Intermission
I went into this one expecting another accent-heavy ensemble British crime/caper movie filled with colorful if unlikely underworld types - and was surprised to find it had as much in common with Love Actually as Guy Richie. The movie was all about relationships and any crime (usually involving Colin Farrell in some way) was just a backdrop.
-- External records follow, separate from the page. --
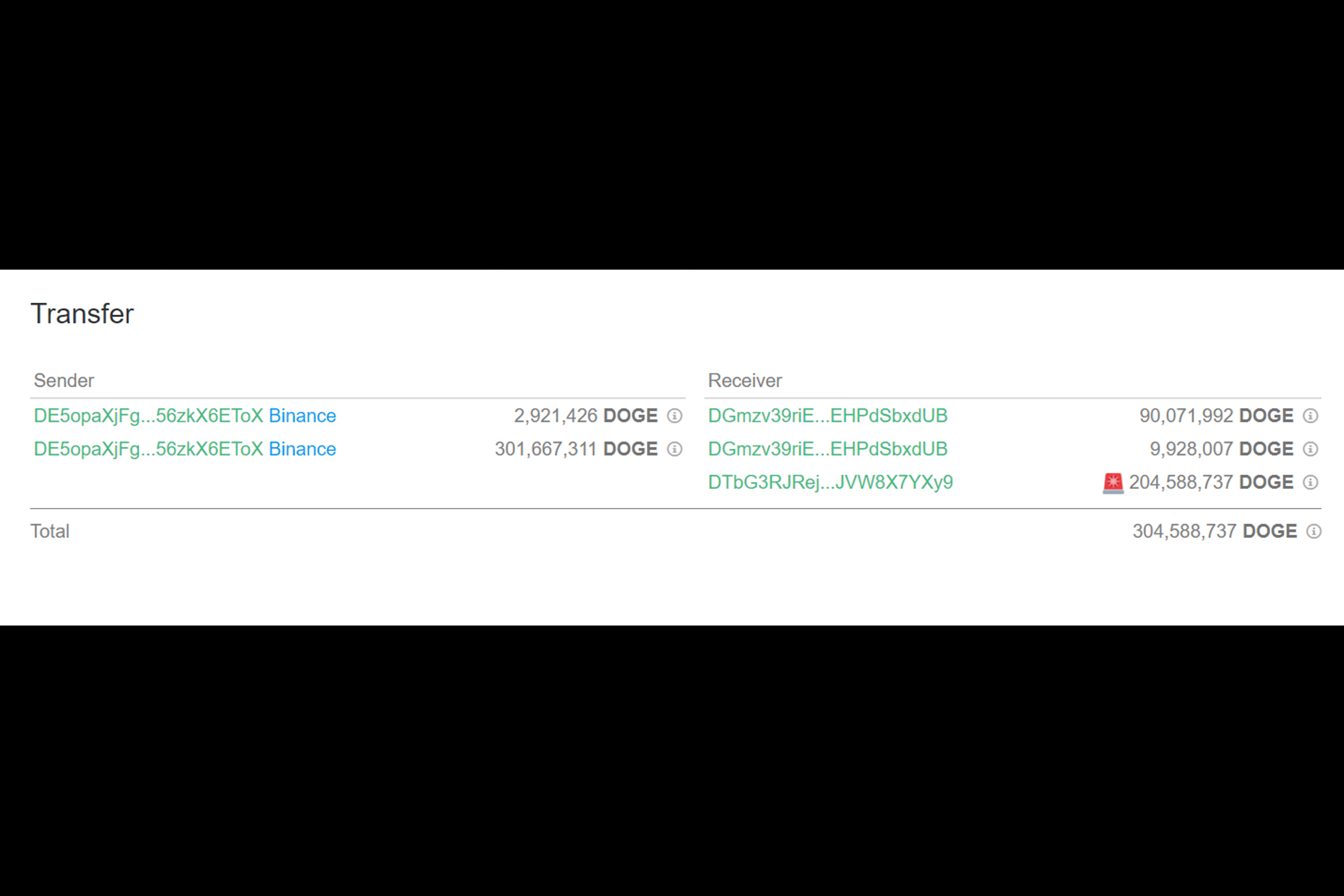Three hours ago, two mysterious blockchain wallets tagged as unknown withdrew a total of 3,588,737 Dogecoin from the Binance Exchange.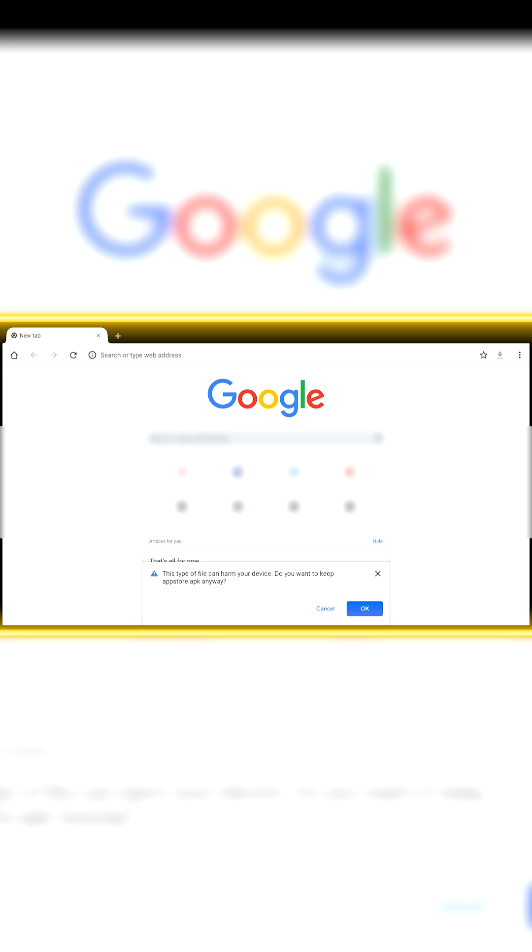The App Store will start downloading automatically. You may see a message asking for permission to download files from Chrome. If that happens, enable the permission for Chrome.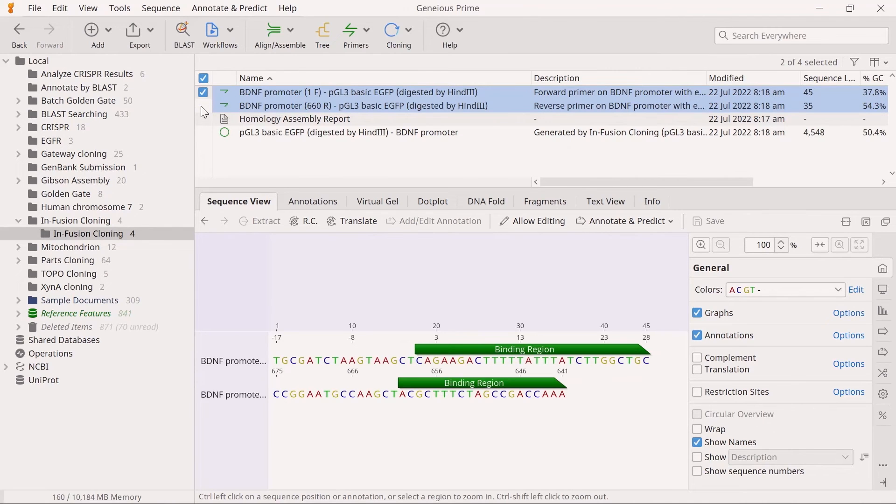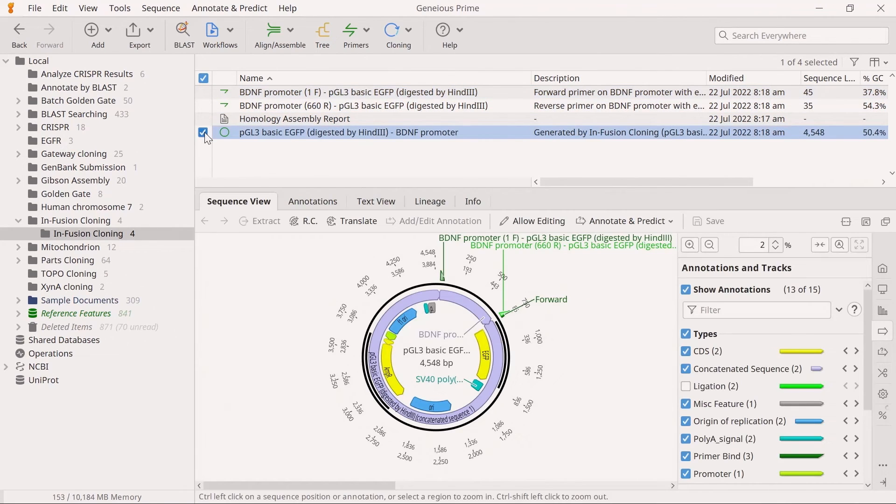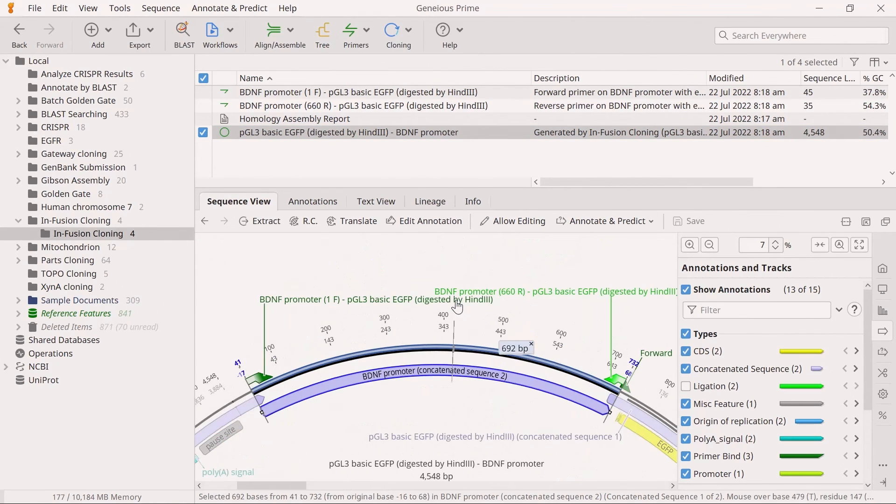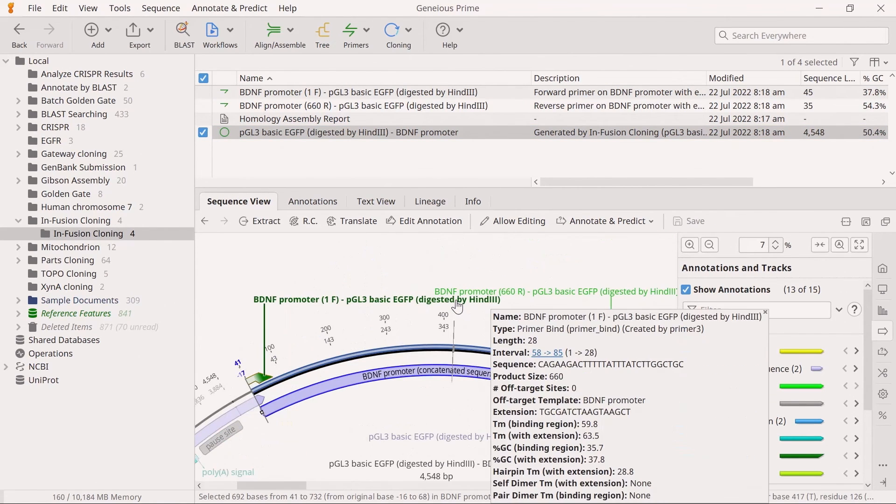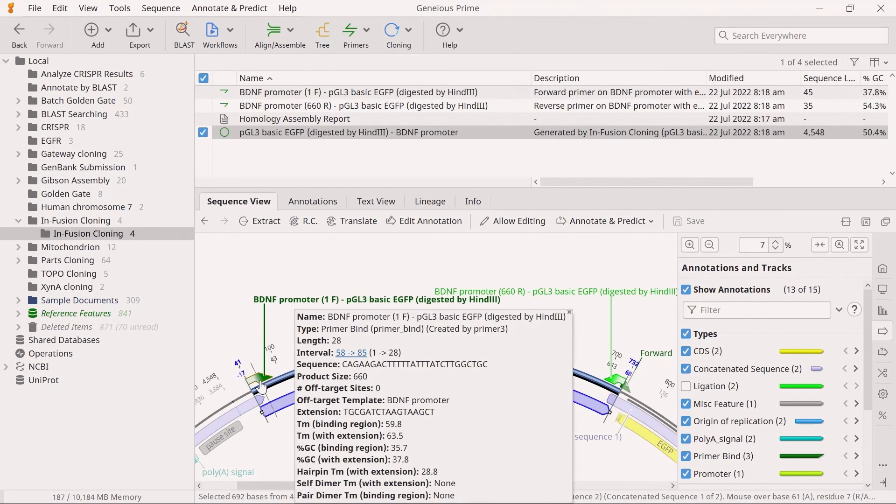Finally, you can preview the final plasmid by selecting the infusion cloning product. Here, you can zoom into the sequence to ensure the site's ligated sequences are as expected.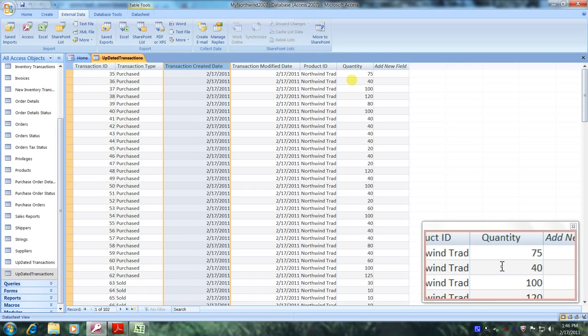Well, our data looks fantastic. Praise the Lord. This has been another Microsoft Office Access 2007 tutorial with Reginald. Thank you.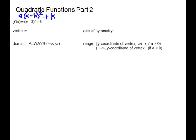Quadratic Functions Part 2. We're going to look at a few more problems that are parabolas, find the information we need to sketch the graph, and then look at domain and range on these pictures.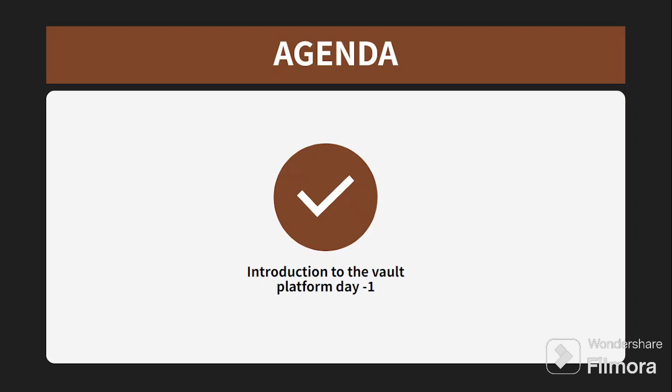The agenda for today is an introduction to the whole platform. I would like to cover the whole platform-level topic and share as much as I can with you. One thing to note: I will not be able to share any org or Vault development platform to show you practically, because I don't have that access to share with you. I hope you will understand.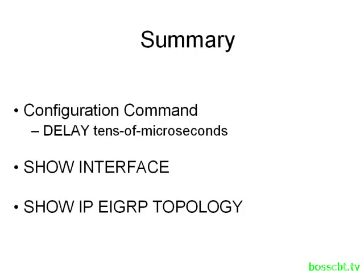That's how we configure EIGRP metrics by looking at the component values. Here we focused on delay. Thanks for watching.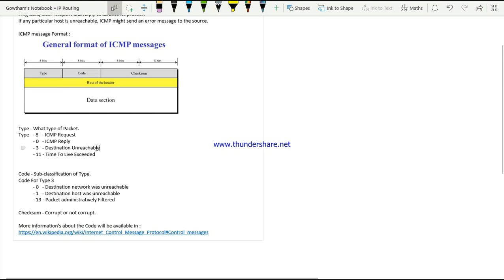We know the destination is unreachable, but what is the reason? Is it shut down, blocked, or not reachable for another reason? Using the code, we can find out. Under type 3, code 0 means the network is unreachable, and code 13 means it is being administratively blocked - wantedly stopped by the administrator.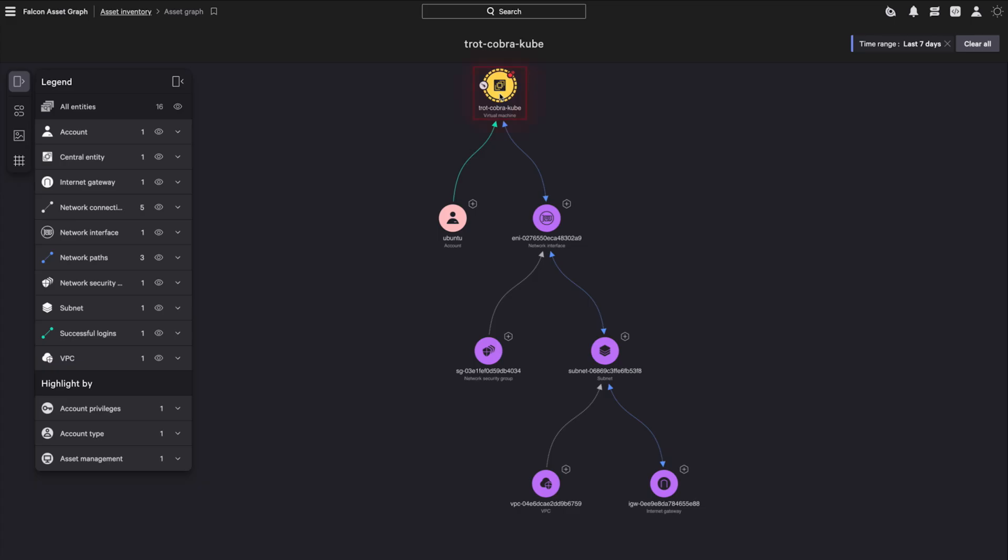You can see the breached node under investigation and its related resources to indicate the potential blast radius of the attack. These assets could be impacted and need immediate attention.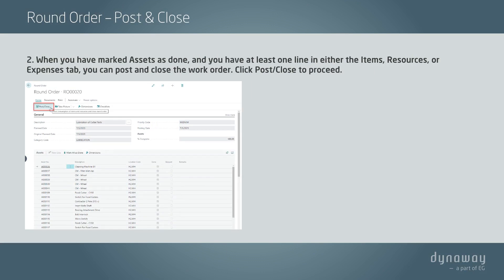When you have marked assets as done and you have at least one line in either the Items, Resources, or Expenses tab, you can post and close the work order. Click Post/Close to proceed.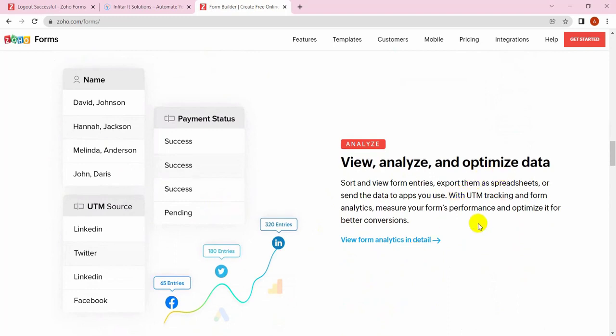You can view, analyze, and optimize your data. There's a very good and well responsive management system. You can tag UTM tracking for the forms, make your reports, measure your forms performance, and get better conversion rates.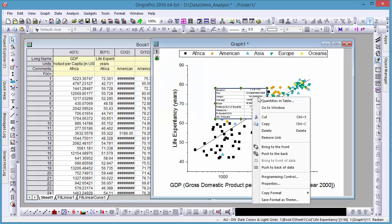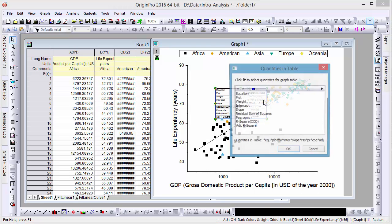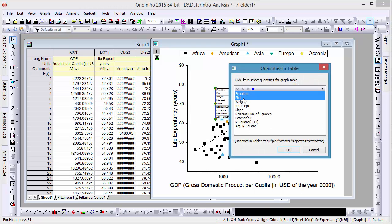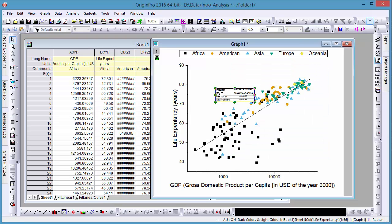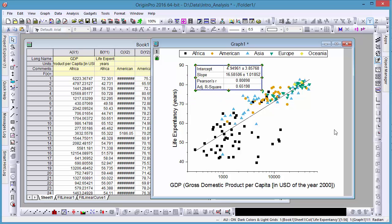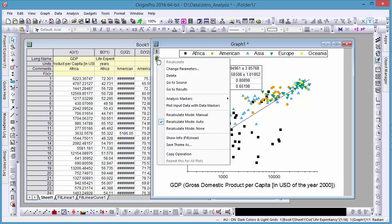The quantities displayed in this table can easily be changed by right-clicking and selecting Quantities in Table. Should you decide to change the parameters of the analysis, rather than starting from scratch, you can click on the recalculation icon and change parameters to reopen the fit dialog.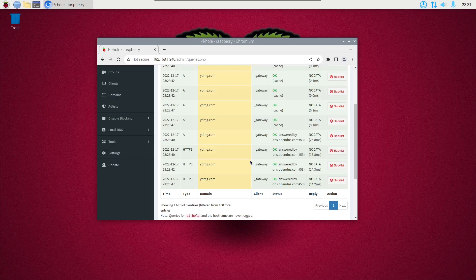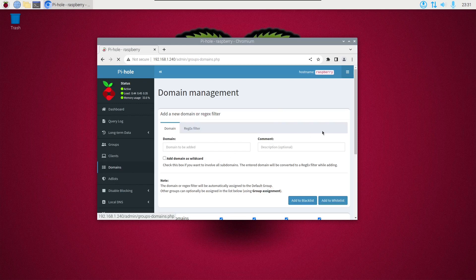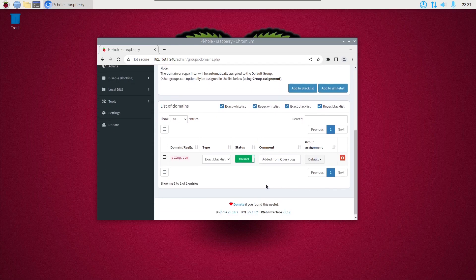To see where all of your blacklisted items are that you've blacklisted yourself, click Domains on the left side, then scroll down to the list of domains. If you want to remove it from the blacklist, you can just hit the delete button.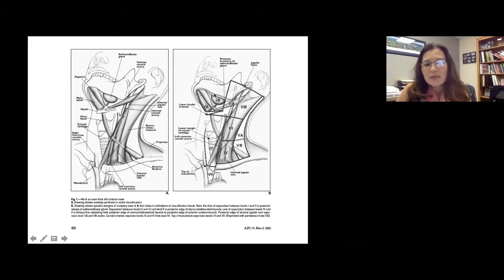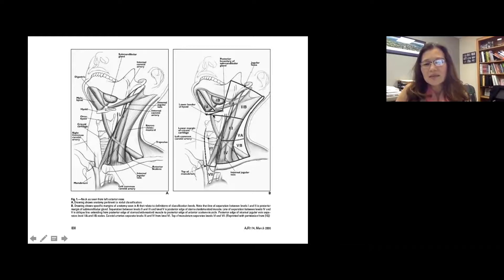Here is the submandibular gland, anterior belly and posterior belly of the digastric muscle, which is also very critical to look for level 1A and 1B nodes. The neck runs from high to low neck, and that's divided by certain anatomical structures, including the bottom of the hyoid bone, which divides zones two and three, and then the bottom of the cricoid cartilage, which divides zones three and four.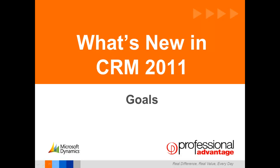The ability to set up and manage performance goals is a new feature in CRM 2011. This video is going to show you a simple example of how to set up sales goals.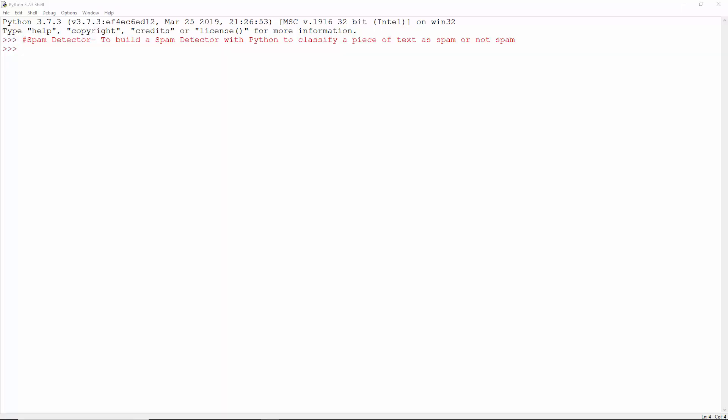Let's build again with Python. This project will be a spam detector. You'll be able to give it some input text and it will be able to classify it into spam or ham, which is just another name for not spam.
Ok, it wasn't exactly Love Actually, but there was a bunch of loosely connected relationship melodramas playing out. For most of the movie I thought it was characterized by a bunch of people acting selfishly, trying to find love and happiness, but only really concerned about themselves and what they want. Cillian Murphy, for example, dumping his girlfriend out of fear-of-commitment or something, the girlfriend (the one from Trainspotting) entering into a relationship of convenience with an older man, the old guy, leaving his wife for someone younger, the wife, out on the prowl and finding an assertiveness she never had before, and the friend who hooks up with the wife, lonely and a little desperate.
So by the end everything becomes a mess and then everyone pairs off again, correctly this time, and Cillian learns the value of love, the shy friend and the jilted sister find each other, and the wife gets the husband back, but now she has the power in the relationship.
So what did I think? The heavily accented Irish dialog was flying, and it was pretty good. The movie kept me entertained more then I thought it would. There was also the matter of a bus-driving friend and a crazy outside-the-lines cop and a TV journalist and a prick supermarket manager and an Irish Pub and a rock throwing brat and lots of other things going on.
I guess this 'review', if you can call it that, is more like a 4th grade book report just to keep track of the movie, just to mark it's existence in a blog entry so we can look back on it in the future and remember what we saw. I don't have much else to say and there are other movies that we need to play catch-up with. I'll see if E has anything to add.
Cillian handled his part well here, dark, bad-boy yet vulnerable, thick accent, did well in scenes with friends and in scenes with the Trainspotting girl. Glad we finally got around to seeing this one - we might have missed it but for the CM marathon.